Index load and recovery time
Sajari memory maps many GB of files into virtual memory (sometimes hundreds of GB) on restart. During this mapping phase we also scan some of the indexes and build in memory hashes, etc. On a restart for a server managing ~100GB of indexes we switched to Go 1.5 and immediately noticed a big change. The index load/scan time had dropped from 7 minutes to just 44 seconds! This is great result for us as during this reload time the engine cannot serve requests.

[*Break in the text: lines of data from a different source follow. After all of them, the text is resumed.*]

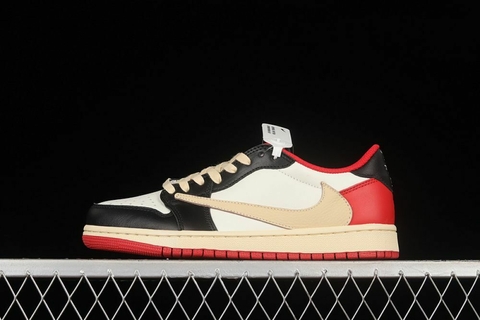 TRAVIS SCOTT X AIR JORDAN 1 LOW OG BEIGE/BLACK/RED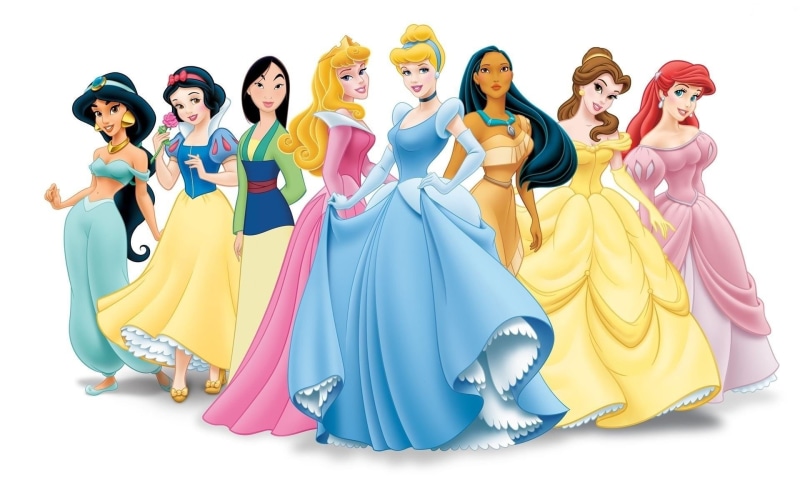 cut out, Disney Princesses, group of people, Cinderella, men, women, smiling, 1080P, Mulan, mouth open, yellow, Belle (Beauty and the Beast), Jasmine (Aladdin)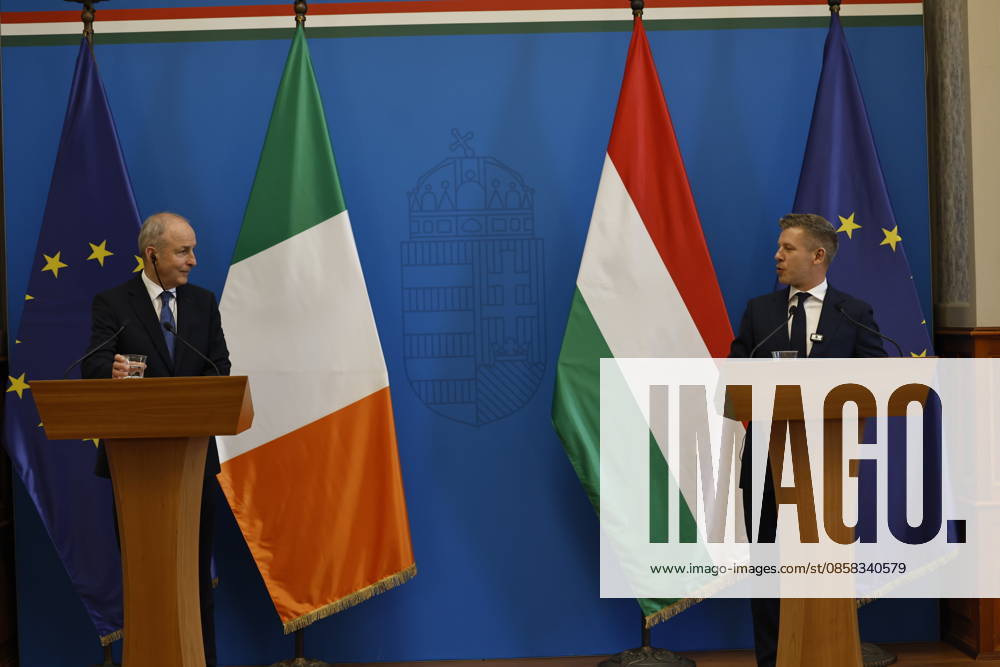 Peter Magyar - Micheal Martin meeting in Budapest BUDAPEST, HUNGARY - JUNE 04: Hungary s Prime Minister Peter Magyar (R) and Ireland s Prime Minister Micheal Martin (L) hold a joint press conference at the foreign ministry in Budapest, Hungary, on June 4, 2026. Arpad Kurucz Anadolu Budapest Hungary. Editorial use only. Please get in touch for any other usage.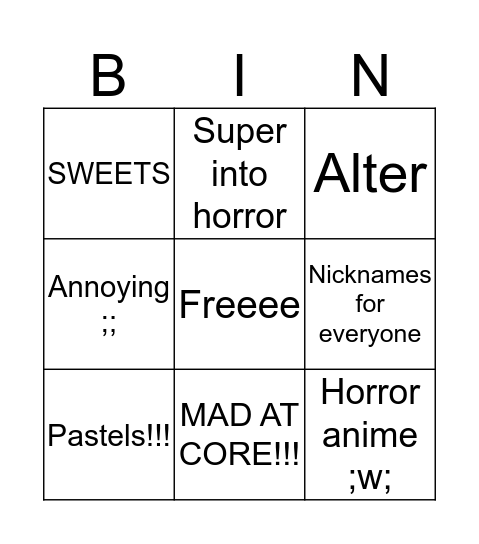 Rasperino Bingo Card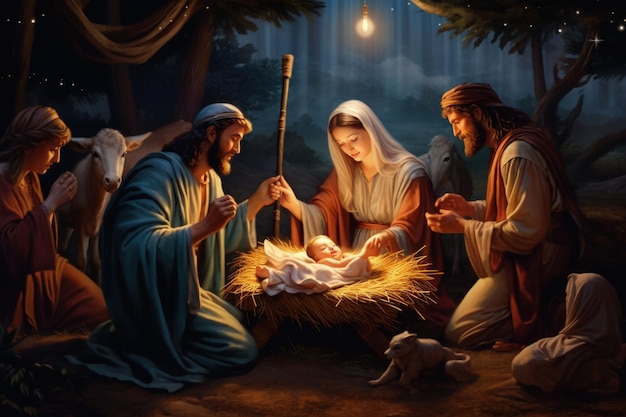 ベツレヘムのクリスマスの夜にイエス・キリストが誕生
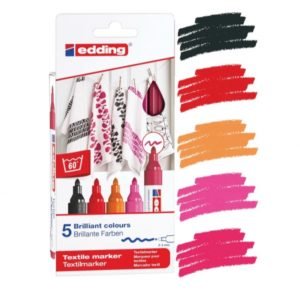Edding  Set 5  Marcadores TEXTIL  colores CÁLIDOS    1mm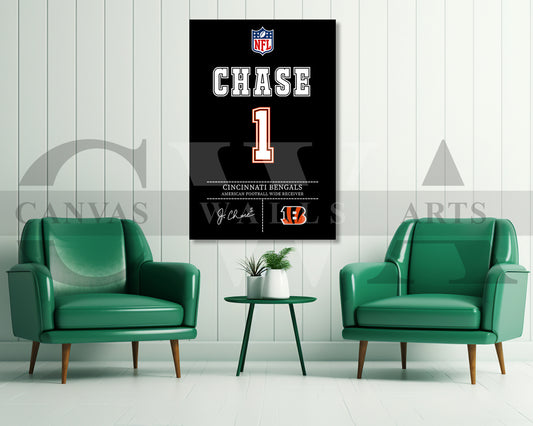 Ja'Marr Chase Canvas Wall Art NFL Jersey Poster American Football Sports Canvas Print
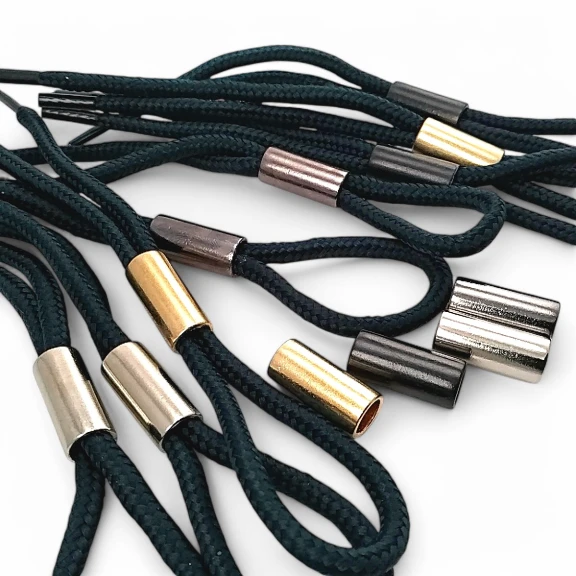 Silindir Metal Bağ Ucu 7,5 mm Kordon Girişli - Büyük Boy Estetik Model E 2059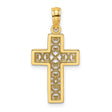 10k Yellow Gold Cross Pendant with Filigree Lace and Openwork Design for Men and Women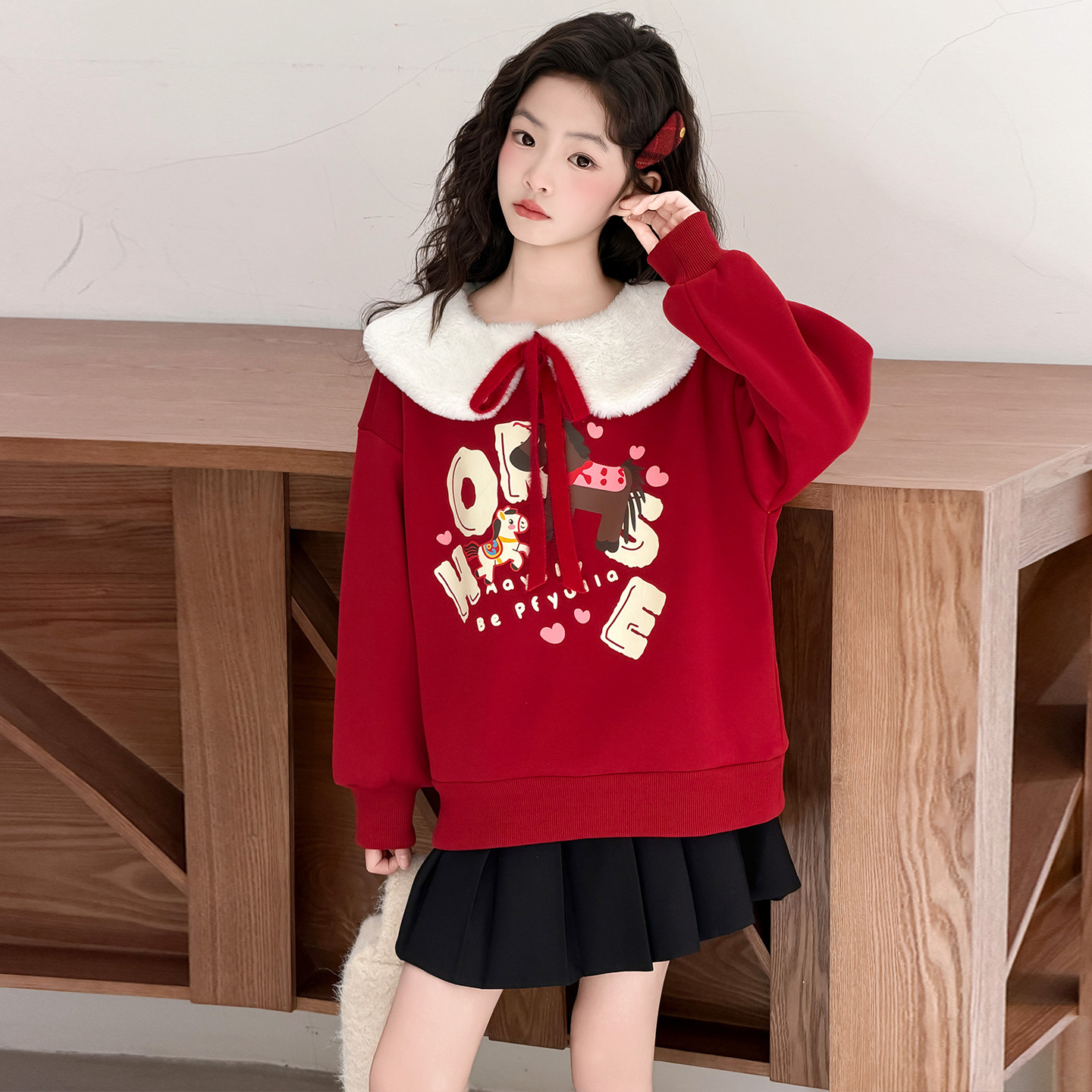 女童加绒卫衣秋冬款2025新款女孩超好看娃娃领加厚保暖上衣儿童装,童装/婴儿装/亲子装,卫衣/绒衫,淘宝优惠券,粉丝福利购,淘宝优惠卷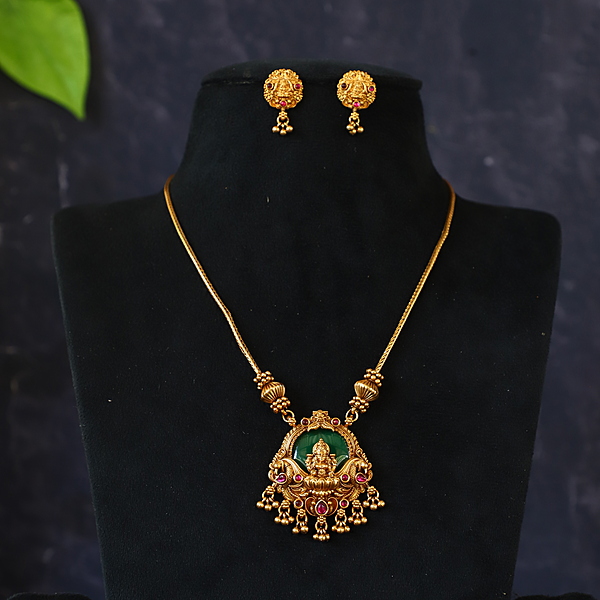 LONG HARAM WITH LAKSHMI DOLLAR GOLD FINISH GREEN BEAD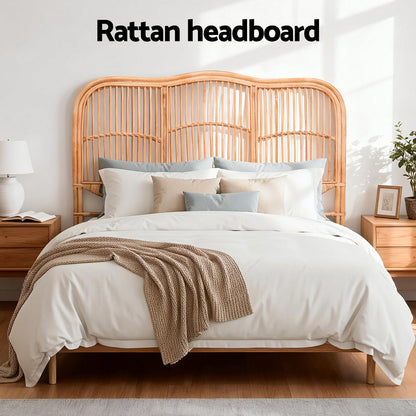 Artiss Bed Headboard Queen Bedhead Rattan - NERO Pine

UPDATE 6th September - We jumped the gun slightly on the load improvements. Turns out this was mainly due to the page cache staying primed. We re-ran the numbers with and without a primed page cache and found the Go 1.5 improvement was closer to 5%, which is still a huge win for us!
Garbage collection
Sajari uses a decent memory footprint, so garbage collection has always been a key concern of ours. The bulk of the data when using Sajari is stored in indexes that are memory mapped and therefore not subject to garbage collection, but we still use a lot of in-memory indexes and hashmaps and generate garbage processing queries.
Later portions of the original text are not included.